WORK TASK
Retype, word for word, the line holding "Zor Ki Barsaat Hui Teaser" and each line after it down to the end of the data; pictures are not copied.

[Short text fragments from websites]
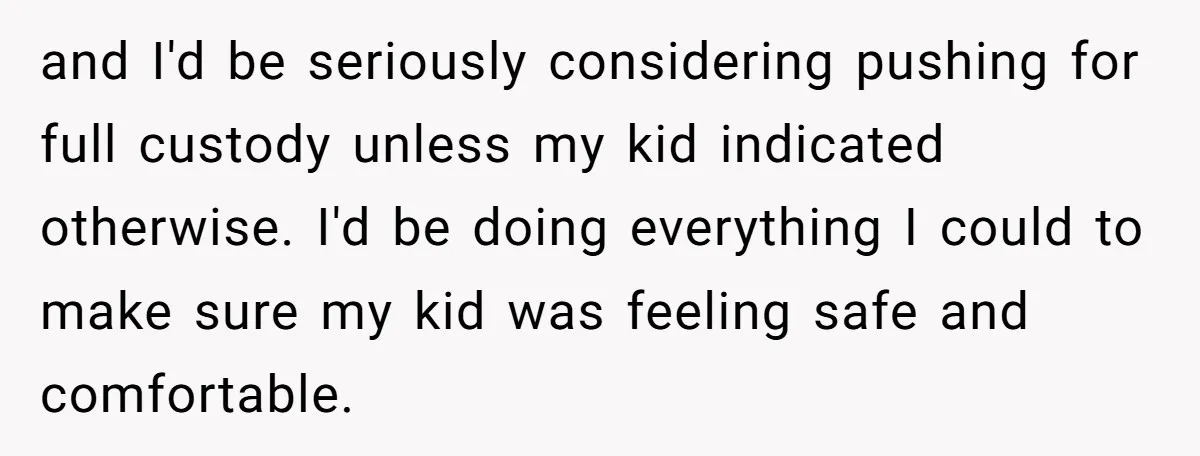 and I'd be seriously considering pushing for full custody unless my kid indicated otherwise. I'd be doing everything I could to make sure my kid was feeling safe and comfortable.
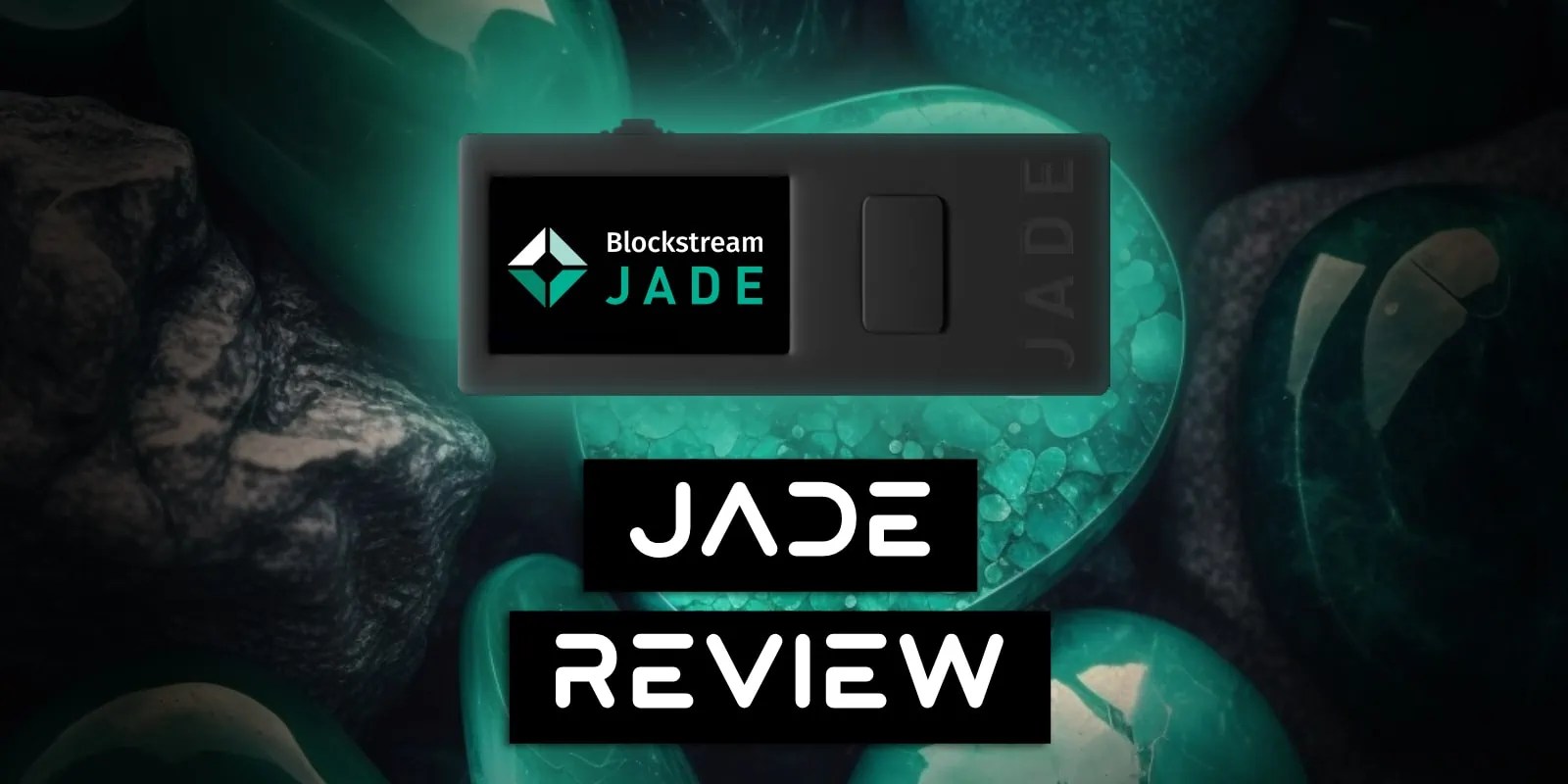 Blockstream Jade Review 2024 Pros, Cons And How It Compares Athena Alpha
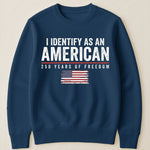 I Identify As An American Independence - Shirt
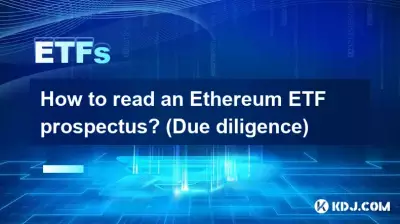 Comment lire un prospectus d’Ethereum ETF ? (Vérifications nécessaires)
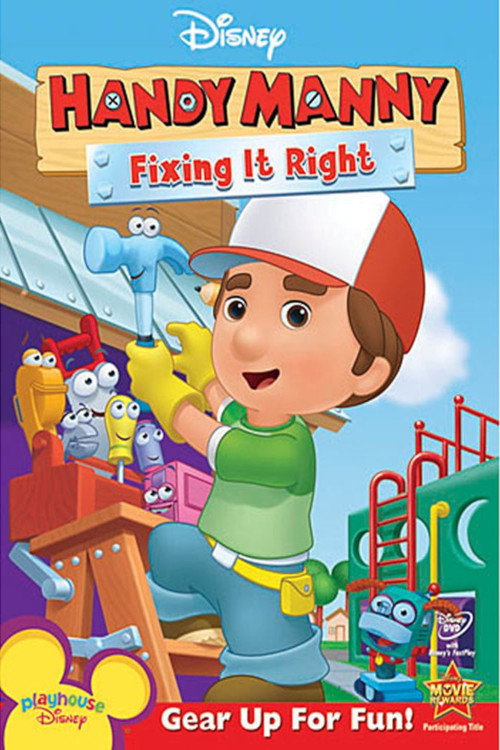 Постер фильма «Handy Manny: Fixing It Right»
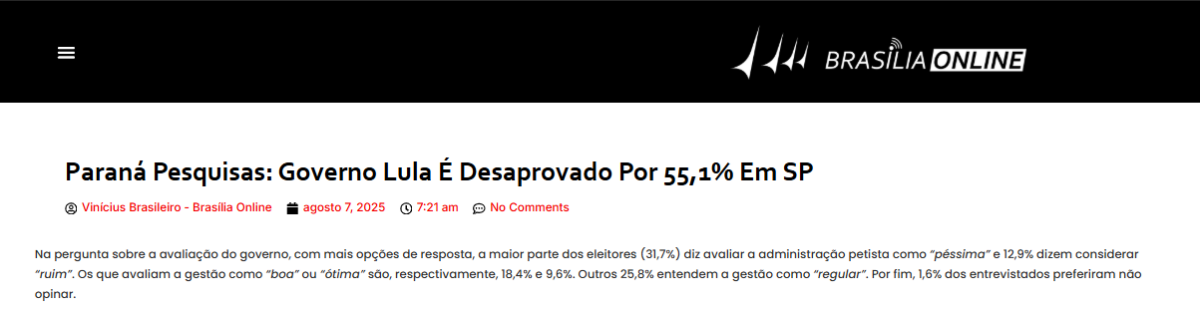 Brasília Online cita pesquisa realizada pela Paraná Pesquisas em São Paulo.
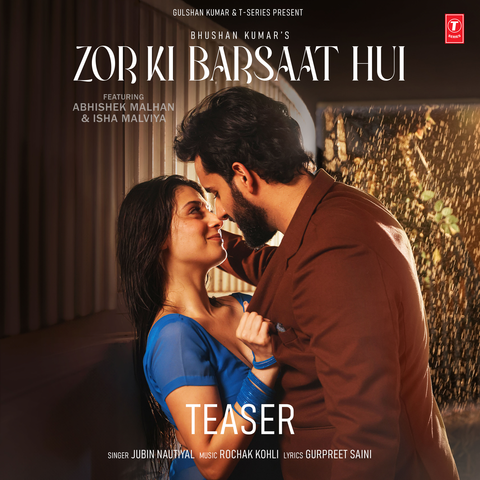 Zor Ki Barsaat Hui Teaser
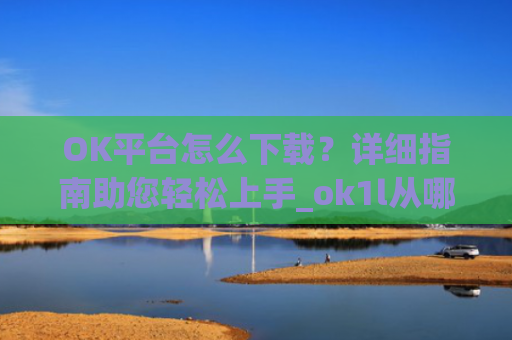 OK平台怎么下载？详细指南助您轻松上手_ok1l从哪下载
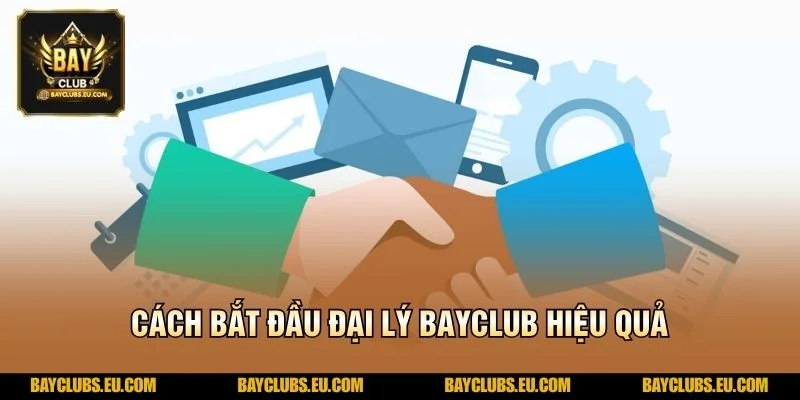 Cách bắt đầu Đại lý BayClub hiệu quả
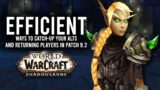 How To Efficiently Catch-Up Your Alts And Returning Players In Patch 9.2! – WoW: Shadowlands 9.2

ANSWER TO THE EXERCISE
 Zor Ki Barsaat Hui Teaser
 OK平台怎么下载？详细指南助您轻松上手_ok1l从哪下载
 Cách bắt đầu Đại lý BayClub hiệu quả
 How To Efficiently Catch-Up Your Alts And Returning Players In Patch 9.2! – WoW: Shadowlands 9.2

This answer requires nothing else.